For this exercise, repeat exactly the lines below starting at the line holding "Bánh cuốn ngọt" and ending at the line holding "Resort-style Brian Head Condo Near Slopes!", both included, with no extra lines and no pictures.

[Opening THE RECORDS section]

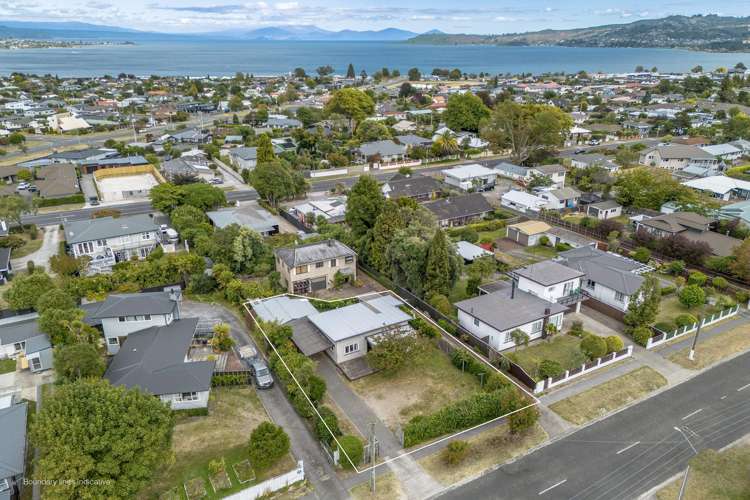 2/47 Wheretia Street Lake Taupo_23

[Closing THE RECORDS section]
[Opening THE RECORDS section]

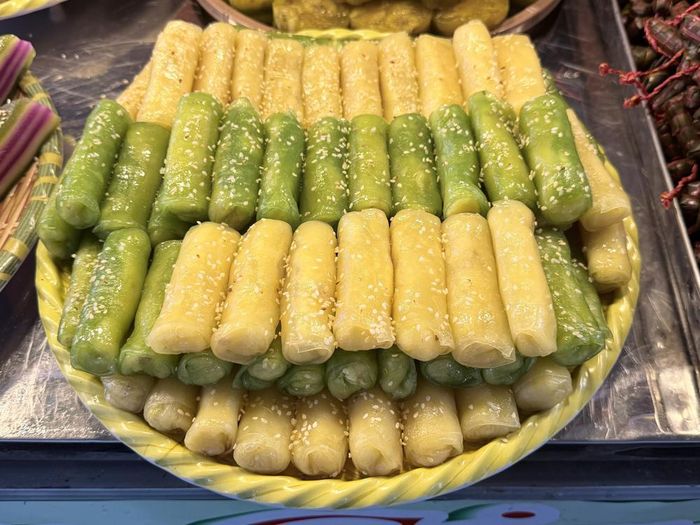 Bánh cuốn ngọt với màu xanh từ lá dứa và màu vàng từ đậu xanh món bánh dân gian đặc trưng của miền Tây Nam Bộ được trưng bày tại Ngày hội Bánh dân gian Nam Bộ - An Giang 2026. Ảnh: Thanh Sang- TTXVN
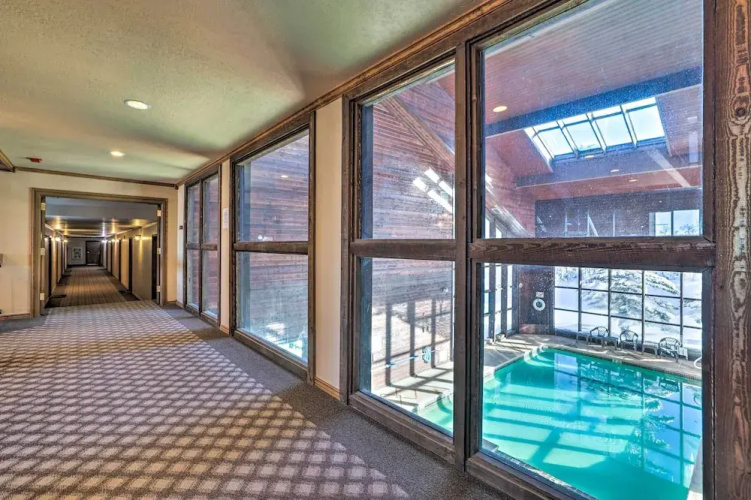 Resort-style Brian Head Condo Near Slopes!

[Closing THE RECORDS section]
[Opening THE RECORDS section]

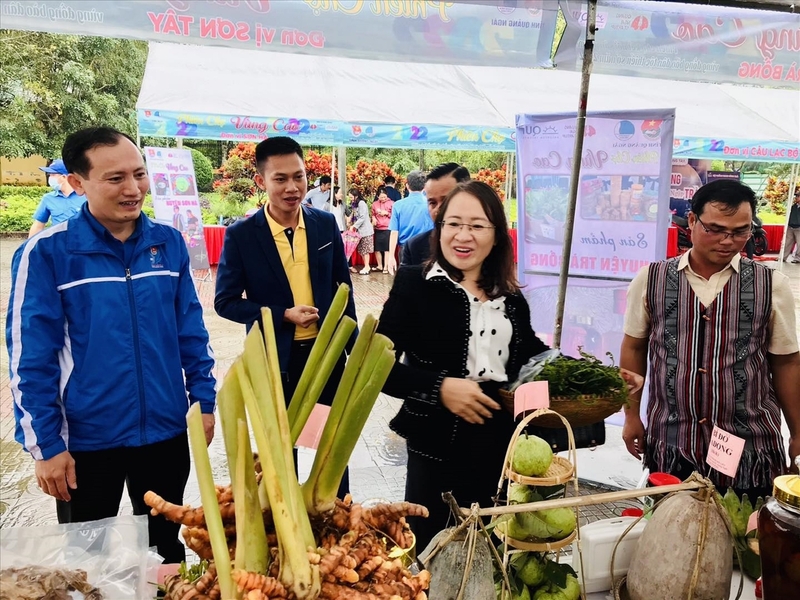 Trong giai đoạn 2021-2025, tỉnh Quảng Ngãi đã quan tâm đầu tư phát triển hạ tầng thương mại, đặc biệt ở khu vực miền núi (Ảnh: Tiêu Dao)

[Closing THE RECORDS section]

▶ **SOLUTION TO THIS EXERCISE**:
 Bánh cuốn ngọt với màu xanh từ lá dứa và màu vàng từ đậu xanh món bánh dân gian đặc trưng của miền Tây Nam Bộ được trưng bày tại Ngày hội Bánh dân gian Nam Bộ - An Giang 2026. Ảnh: Thanh Sang- TTXVN
 Resort-style Brian Head Condo Near Slopes!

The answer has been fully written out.